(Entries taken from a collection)
◇ ◇ ◇ ◇ ◇ ◇ ◇

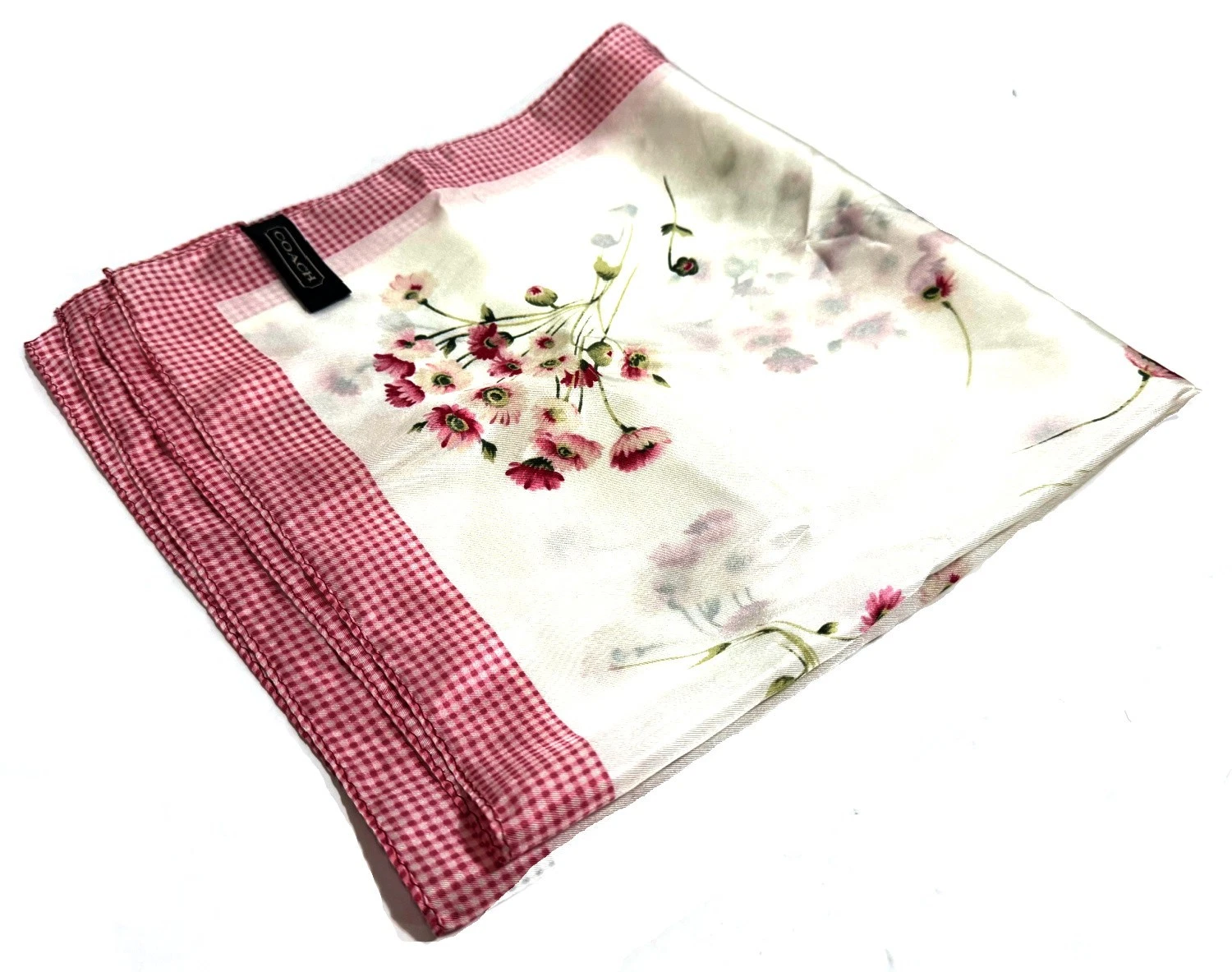 NEW Coach Vintage Y2K Daisy Floral Print Silk Bandana Handbag Scarf 20x20 RARE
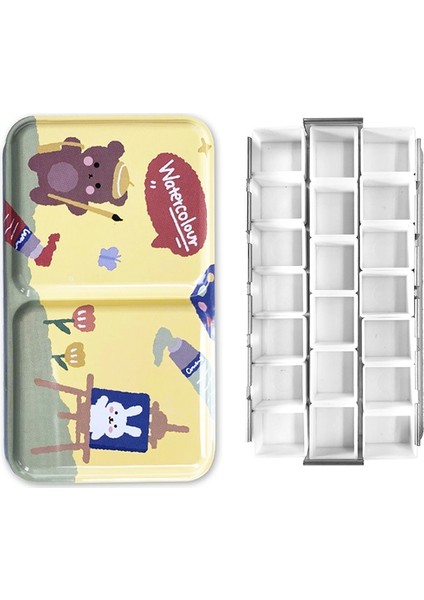 20 Tepsi Kardan Adam Stili Karikatür Yarım Tavalar Boş Palet Vaka Boyama Saklama Tepsisi Kutusu Yağ Suluboya Akrilik Boya Boyama Sanat Malzemeleri (Yurt Dışından) modelleri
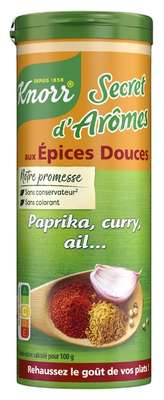 Secret d'arômes épices douces, paprika, curry et ail, Knorr (60 g)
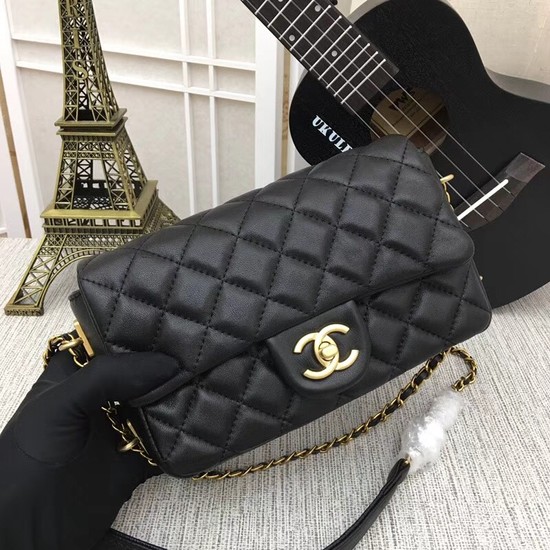 Chanel mini Sheepskin Leather cross-body bag 5698 black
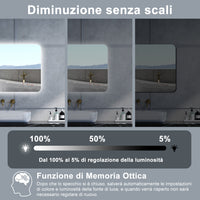 Specchio da bagno Rettangolare con 70x50cm,Memoria,Regorabile,Retroilluminato,doppio interruttore,HD temperato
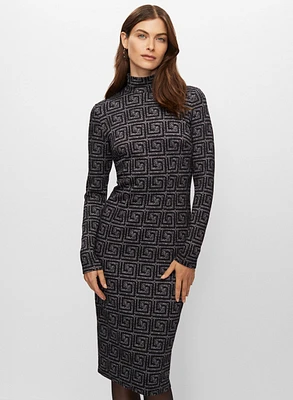 Geometric Jacquard Knit Midi Dress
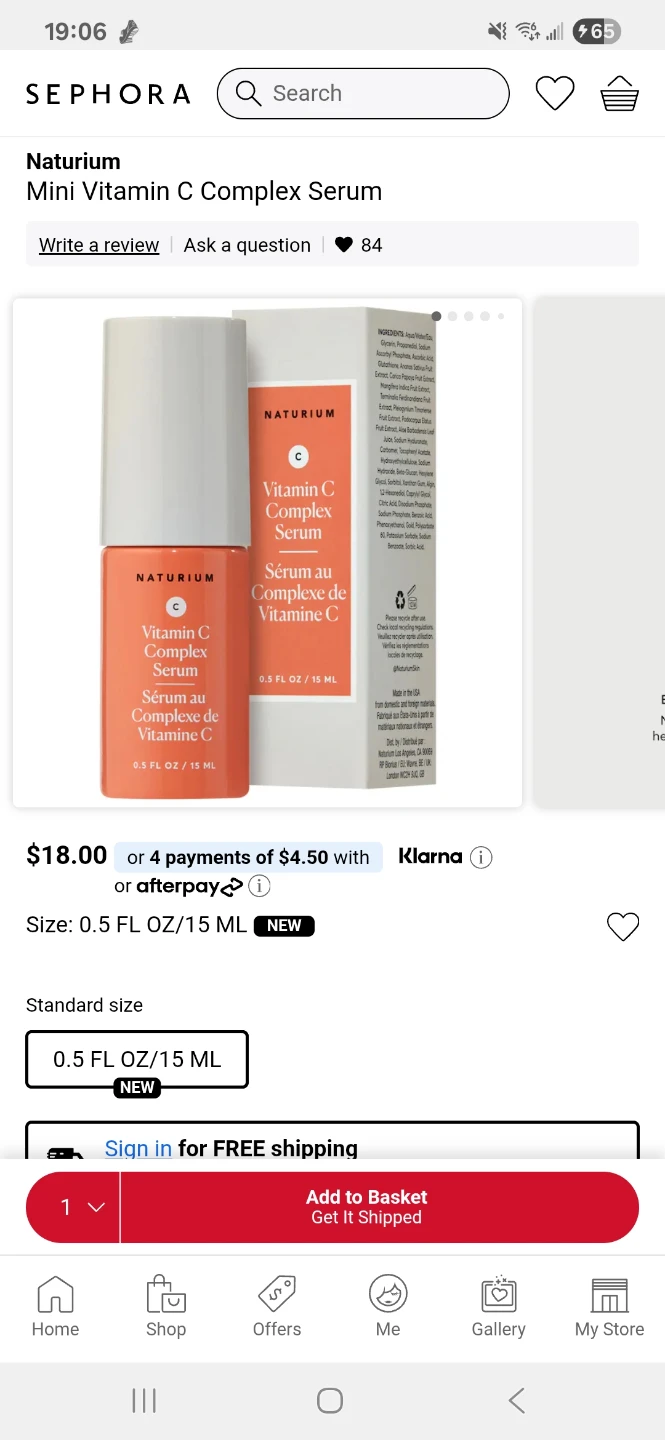 Naturium Vitamin C Complex Serum Samples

◇ ◇ ◇ ◇ ◇ ◇ ◇

Please give a word-for-word transcript of the lines from the one holding "Chanel mini Sheepskin" through the final line of the entries, both ends kept, with no pictures.

 Chanel mini Sheepskin Leather cross-body bag 5698 black
 Specchio da bagno Rettangolare con 70x50cm,Memoria,Regorabile,Retroilluminato,doppio interruttore,HD temperato
 Geometric Jacquard Knit Midi Dress
 Naturium Vitamin C Complex Serum Samples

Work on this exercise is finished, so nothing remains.